Ma's attendance was criticized by the Democratic Progressive Party (DPP), accusing Ma of "dancing in step with the Chinese Communists" and "undermining Taiwan's interests", with DPP legislator Chiu Chih-wei calling on Ma to be investigated by Taiwanese authorities for his comments. The Mainland Affairs Council in Taiwan further claimed that Ma's comments stood in contract to public sentiment and expressed regret over them.
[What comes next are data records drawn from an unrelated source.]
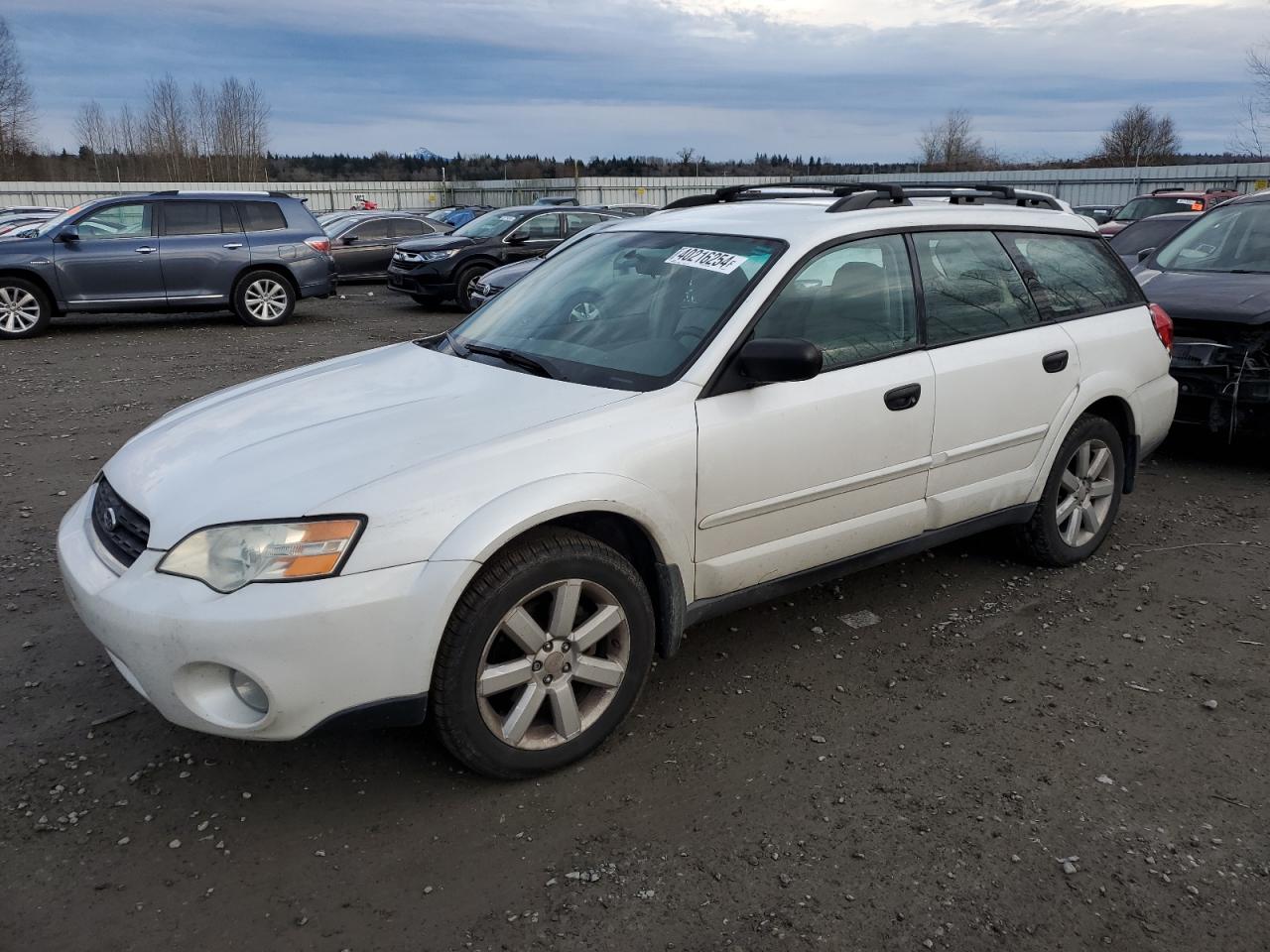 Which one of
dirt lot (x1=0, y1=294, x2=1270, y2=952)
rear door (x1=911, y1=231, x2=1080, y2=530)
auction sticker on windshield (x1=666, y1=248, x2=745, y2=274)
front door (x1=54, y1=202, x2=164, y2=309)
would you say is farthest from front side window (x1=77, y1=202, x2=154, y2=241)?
rear door (x1=911, y1=231, x2=1080, y2=530)

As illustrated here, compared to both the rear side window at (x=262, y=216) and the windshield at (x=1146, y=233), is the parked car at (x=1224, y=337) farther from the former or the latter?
the rear side window at (x=262, y=216)

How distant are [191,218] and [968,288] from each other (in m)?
11.5

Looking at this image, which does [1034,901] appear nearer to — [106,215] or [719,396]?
[719,396]

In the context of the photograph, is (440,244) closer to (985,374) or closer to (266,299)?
(266,299)

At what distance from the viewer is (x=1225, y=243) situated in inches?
294

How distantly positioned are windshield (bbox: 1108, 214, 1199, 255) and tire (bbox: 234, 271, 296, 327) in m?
11.0

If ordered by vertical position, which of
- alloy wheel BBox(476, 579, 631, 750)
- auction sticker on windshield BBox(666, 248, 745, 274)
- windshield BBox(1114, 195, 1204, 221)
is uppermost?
windshield BBox(1114, 195, 1204, 221)

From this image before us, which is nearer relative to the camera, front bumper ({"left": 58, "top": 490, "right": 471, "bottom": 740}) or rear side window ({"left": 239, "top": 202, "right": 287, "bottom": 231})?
front bumper ({"left": 58, "top": 490, "right": 471, "bottom": 740})

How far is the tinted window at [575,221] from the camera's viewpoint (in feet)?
54.5

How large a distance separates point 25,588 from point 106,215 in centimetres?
954

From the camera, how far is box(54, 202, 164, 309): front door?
12320mm

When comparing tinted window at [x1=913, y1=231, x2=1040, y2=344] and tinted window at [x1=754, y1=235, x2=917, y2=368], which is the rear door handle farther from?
tinted window at [x1=754, y1=235, x2=917, y2=368]

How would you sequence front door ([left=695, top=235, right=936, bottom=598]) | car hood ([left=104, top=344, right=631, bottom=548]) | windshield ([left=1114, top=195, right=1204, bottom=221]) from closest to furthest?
Result: car hood ([left=104, top=344, right=631, bottom=548]) → front door ([left=695, top=235, right=936, bottom=598]) → windshield ([left=1114, top=195, right=1204, bottom=221])

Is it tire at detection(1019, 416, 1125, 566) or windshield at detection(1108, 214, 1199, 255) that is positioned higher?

The Kuomintang, in response, accused the DPP of applying double standards, claiming that the DPP remains silent when its own politicians visit mainland China; executive director of the Ma Ying-jeou Foundation Hsiao Hsu-tsen further asserted that Ma's visit obeyed Taiwanese cross-strait law, and that the 1992 Consensus is "grounded in the Constitution of the Republic of China".

=== 18th Forum ===
The eighteenth Straits Forum will be held in Xiamen, Fujian, on 13 June 2026, under the theme of "Expanding people-to-people exchanges and deepening integrated development". The Kuomintang is expected to send a delegation led by Vice Chairman Chang Jung-kung.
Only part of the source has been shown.